La Constitution de 1979, qui n’est plus en vigueur, prévoyait l’enseignement des «langues aborigènes». En effet, à l’article 35, on lisait le texte suivant:
1) L’État promeut l’étude et la connaissance des langues aborigènes.
2) Il garantit le droit des communautés quichua, aymara et des autres communautés indigènes à recevoir l’enseignement primaire aussi dans leur propre langue ou idiome propre.
Cette disposition constitutionnelle semblait claire: l’État garantissait à certaines communautés un enseignement au niveau primaire des langues autochtones. En réalité, cet enseignement ne fut possible qu’à quelques communautés linguistiques importantes, comme le quechua, l’aymara, l’arawak, le penoan, etc. On comprendra qu’il serait difficile d’enseigner à des enfants dont le nombre total des locuteurs n’atteint même pas la centaine. Ainsi, l’enseignement des langues indigènes n’est permis qu’au niveau primaire. Il est interdit au secondaire et à l’université.
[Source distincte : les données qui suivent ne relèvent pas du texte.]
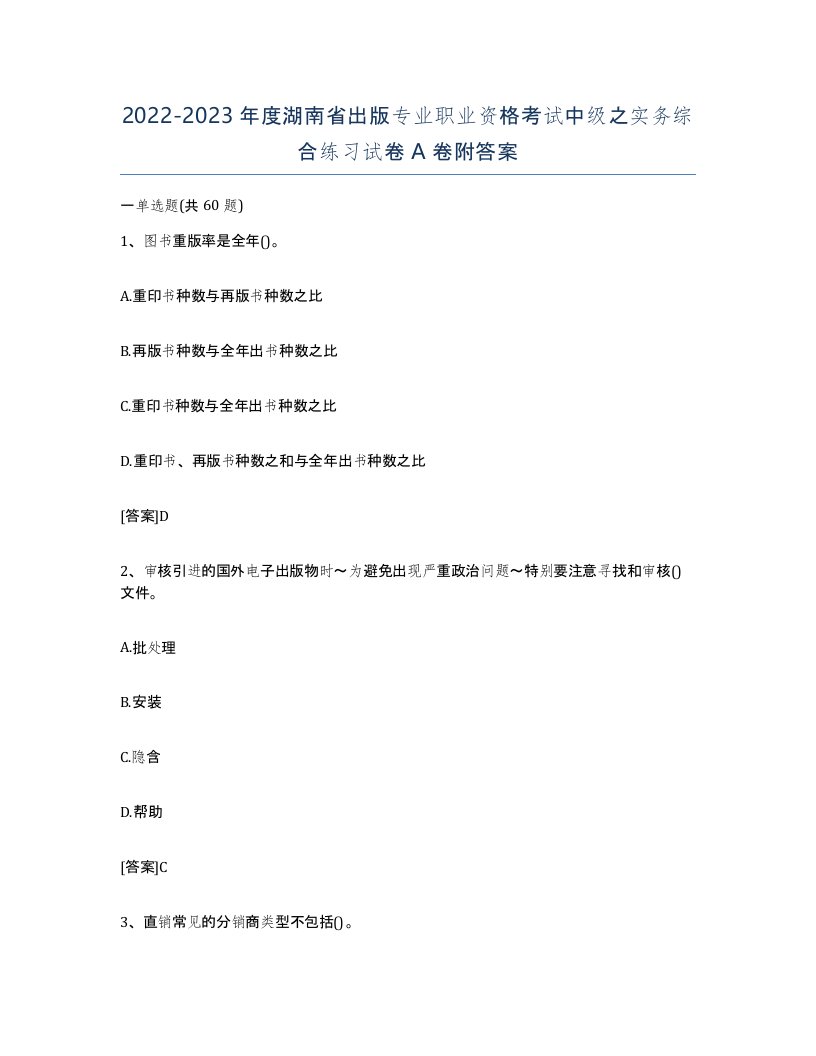 2022-2023年度湖南省出版专业职业资格考试中级之实务综合练习试卷A卷附答案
La Constitution de 1993 prévoit, de son côté, à l’article 17, ce qui suit:
L’État garantit l’éradication de l’analphabétisme. Il promeut aussi l’éducation bilingue et interculturelle, conformément aux caractéristiques individuelles de chaque région. Il préserve les diverses manifestations culturelles et linguistiques du pays. Il promeut l’intégration nationale.
Il faut bien comprendre que l’«éducation bilingue et interculturelle» dont il est question ici ne concerne que les autochtones, pas ceux qui parlent l’espagnol comme langue maternelle. Autrement dit, l’État ne promeut le bilinguisme comme vertu que pour les seuls autochtones. En fait, le système péruvien, lorsqu’il est bilingue, fait en sorte que les enfants commencent en «langue aborigène» pour apprendre graduellement l’espagnol, de telle sorte qu’au secondaire ils puissent s’exprimer à l’école seulement en espagnol. Bref, l’enseignement n’est pas destiné à conserver les langues autochtones, mais à mieux alphabétiser les enfants pour les faire passer plus rapidement à l’espagnol, c’est-à-dire dès le secondaire. De plus, les parents ne disposent d’aucun choix, sauf s’il s’agit d’écoles privées (pour les riches) dans lesquelles on enseigne l’anglais, le français ou l’allemand.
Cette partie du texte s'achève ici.